CONCLUSION — The selective beta-3 adrenergic agonist vibegron (Gemtesa) was more effective than placebo and appeared to be similar in efficacy to the anticholinergic drug tolterodine for treatment of overactive bladder (OAB) in one 12-week trial. Unlike mirabegron (Myrbetriq), the other beta-3 agonist approved for treatment of OAB, vibegron has not been shown to increase blood pressure, but no direct comparisons of the two drugs are available. Behavioral modification is still preferred for initial treatment of OAB, but mirabegron and vibegron, which have few drug interactions and lack anticholinergic adverse effects, are reasonable choices for patients who require pharmacologic treatment.

REFERENCES

  1. DJ Lightner et al. Diagnosis and treatment of overactive bladder (non-neurogenic) in adults: AUA/SUFU guideline amendment 2019. J Urol 2019; 202:558.

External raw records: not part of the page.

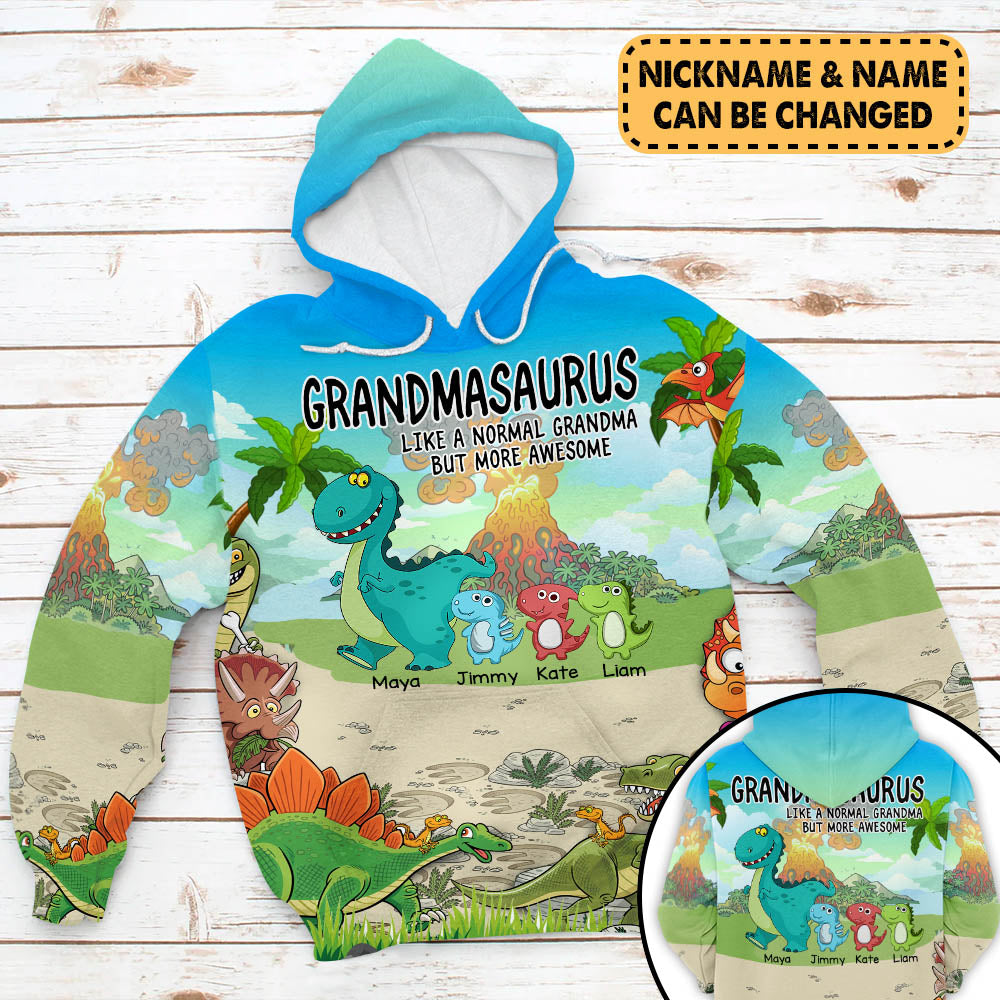 Personalized Grandmasaurus Like A Normal Grandma But More Awesome All Over Print Shirts For Grandma Nickname And Grandkid's Name Can Be Changed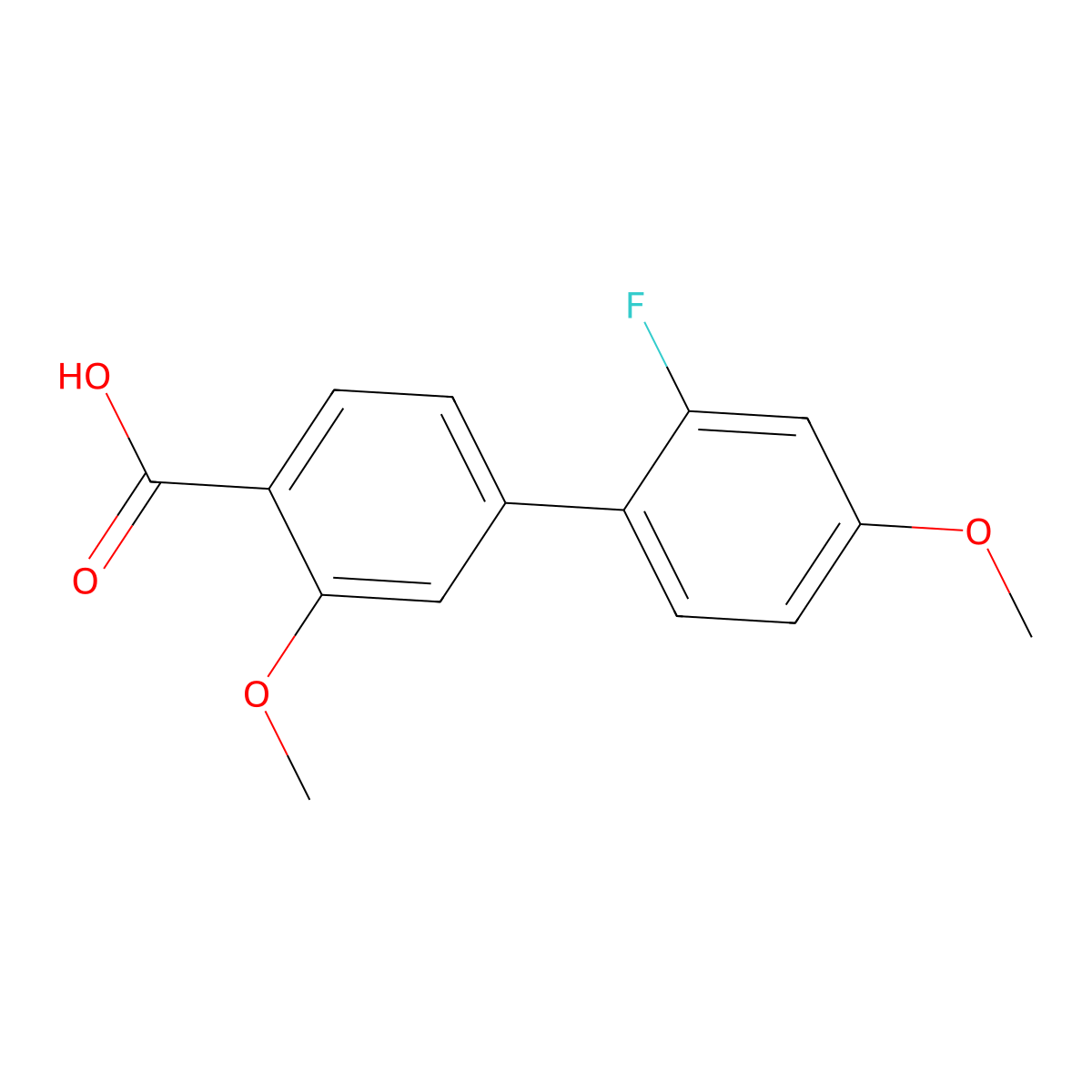 4-(2-Fluoro-4-methoxyphenyl)-2-methoxybenzoic acid molecular structure, CAS 1261891-89-7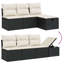 Ensemble de canapé de jardin Vidaxl noir, blanc crème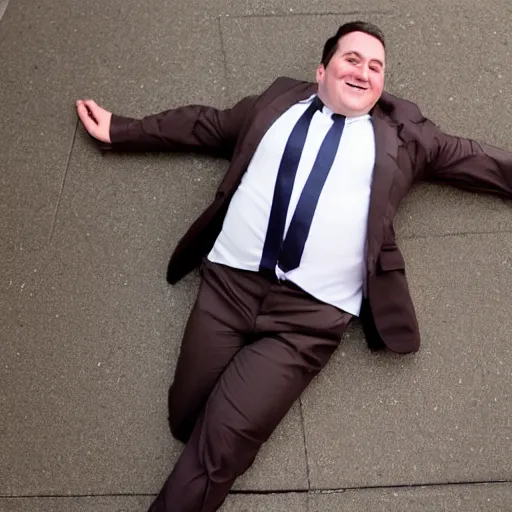 Image similar to A smiling chubby white clean-shaven man dressed in a chocolate brown suit and necktie is laying on the ground in New York city.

  2. SL Gray et al. Cumulative use of strong anticholinergics and incident dementia: a prospective cohort study. JAMA Intern Med 2015; 175:401.
  3. Mirabegron (Myrbetriq) for overactive bladder. Med Lett Drugs Ther 2013; 55:13.
  4. Botox for overactive bladder. Med Lett Drugs Ther 2013; 55:31.
  5. J Di Salvo et al. Pharmacological characterization of a novel beta 3 adrenergic agonist, vibegron: evaluation of antimuscarinic receptor selectivity for combination therapy for overactive bladder. J Pharmacol Exp Ther 2017; 360:346.
  6. European Medicines Agency. Committee for Medicinal Products for Human Use (CHMP). Assessment report: Betmiga. Available at: https://bit.ly/31TDy1Z. Accessed April 15, 2021.
  7. D Staskin et al. International phase III, randomized, double-blind, placebo and active controlled study to evaluate the safety and efficacy of vibegron in patients with symptoms of overactive bladder: EMPOWUR. J Urol 2020; 204:316.
  8. J Frankel et al. Vibegron improves quality-of-life measures in patients with overactive bladder: patient-reported outcomes from the EMPOWUR study. Int J Clin Pract 2020 December 17 (epub).
  9. S Varano et al. Efficacy and safety of once-daily vibegron for treatment of overactive bladder in patients aged ≥65 and ≥75 Years: subpopulation analysis from the EMPOWUR randomized, international, phase III Study. Drugs Aging 2021; 38:137.